A dispetto di quel che si potrebbe pensare i tempi di William Orbit e dei Chemical Brothers non sono sepolti e dimenticati: Beth Orton, a quarantadue anni, sembra aver metabolizzato tutto ciò che di buono e di meno buono le è capitato in una carriera lunga abbastanza da permetterle di aspettare una piccola eternità prima di dare un seguito al disco forse meno apprezzato, e forse con più di qualche torto, della sua produzione, quel “Comfort Of Strangers” in cui la cantautrice inglese nel 2006 aveva voluto certificare una sorta di svolta in chiave acustica, o perlomeno più canonica rispetto al passato.
Oggi, sei anni e due figli dopo, esce “Sugaring Season”, un disco eccellente fatto di dieci canzoni in cui nulla risulta fuori posto. La solita batteria di collaboratori di prima classe stavolta è arricchita dalla presenza, in due tracce, della chitarra di Marc Ribot, e in generale, al di là della elegante e sicura produzione di Tucker Martine (Rem, Sufjan Stevens, Decemberists, My Morning Jacket), sembra di poter dire che far suonare un disco a gente del genere (tra gli altri il batterista Brian Blade e il bassista Sebastian Steinberg) è un lusso che difficilmente finisce per non ripagare.
Poi c’è la sua voce, naturalmente. Flautata, immateriale eppure solida: e la conosciamo bene la voce di Beth Orton, che si increspa come nella tirata iniziale di “Magpie”, con una incalzante ossessione, quasi psichedelica, da tenere a bada a fatica, o si assottiglia e si lascia modellare come un impasto pregiato nella fiaba amara di “Something More Beautiful”. Questa voce che sa essere anche sbarazzina, quasi volesse giocare, ogni tanto, a prendersi poco sul serio – e ascoltate “Call Me The Breeze”, i suoi mille veli, con quel wurlitzer che s’aggroviglia intorno al giro corto di Blade e le carezze di chitarra che ti solleticano l’umore.
Sono canzoni fatte di piccoli travagli, piccole storie e piccole felicità, e Beth dimostra di saper andare di valzer (“See Through Blue”) come di reggere il peso di un pianoforte lasciato a farle il controcanto da solo per quasi tutto il tempo di “Last Leaves Of Autumn”, senza ombra di dubbio una delle vette dell’album. Ma la verità è che risulta difficile trovare vertici di sorta, in alto e in basso, perché il livello di “Sugaring Season” – e qui sta la sua forza maggiore – è costante dall’inizio alla fine. È un disco che ragiona con un’unica testa e respira con un solo naso e una sola bocca, un disco che si muove senza scarti, fluido, compatto.

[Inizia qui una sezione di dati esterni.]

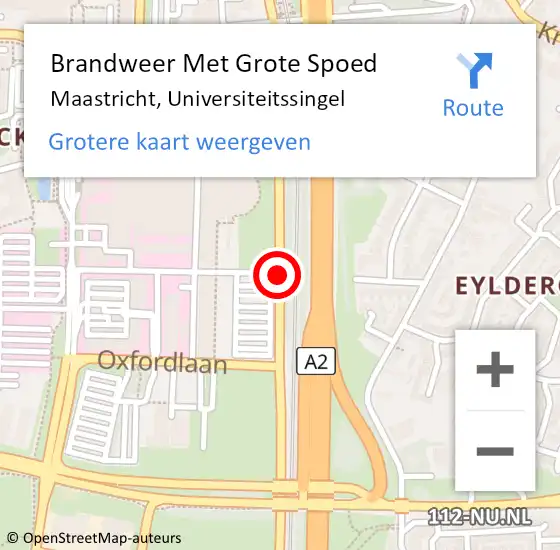 Locatie op kaart van de 112 melding: Brandweer Met Grote Spoed Naar Maastricht, Universiteitssingel op 7 juli 2018 06:48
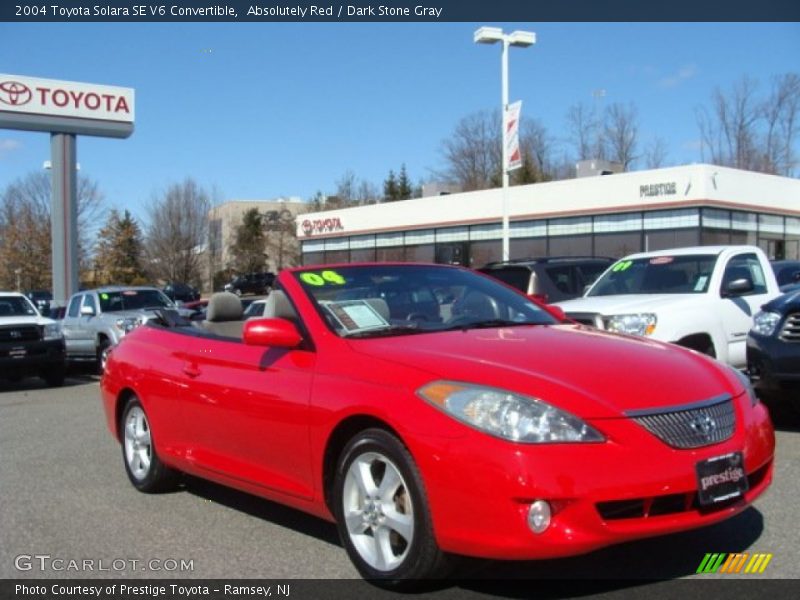 Absolutely Red / Dark Stone Gray 2004 Toyota Solara SE V6 Convertible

Da “Magpie” alla bellissima “Mystery” sembra non passare più di un lungo istante.
La cura e il gusto dei particolari – ecco la lezione folktronica che non si disperde - fanno di questo lavoro uno dei più significativi di un 2012 decisamente povero di idee e di coraggio. Se è per questo, direte voi, dove starebbe il coraggio di Beth Orton? Probabilmente nella disinvoltura con cui, dopo un periodo di silenzio che avrebbe affossato la popolarità e la baldanza di musicisti ben più in vista, se ne esce fuori con un disco totalmente estraneo a tutto ciò che va per la maggiore in questi giorni, forte per la qualità della scrittura delle canzoni e per il modo in cui le canzoni sono suonate, un disco compatto ma non monolitico, classico ma non banale. Un disco a fuoco, e centratissimo. Welcome back, Beth.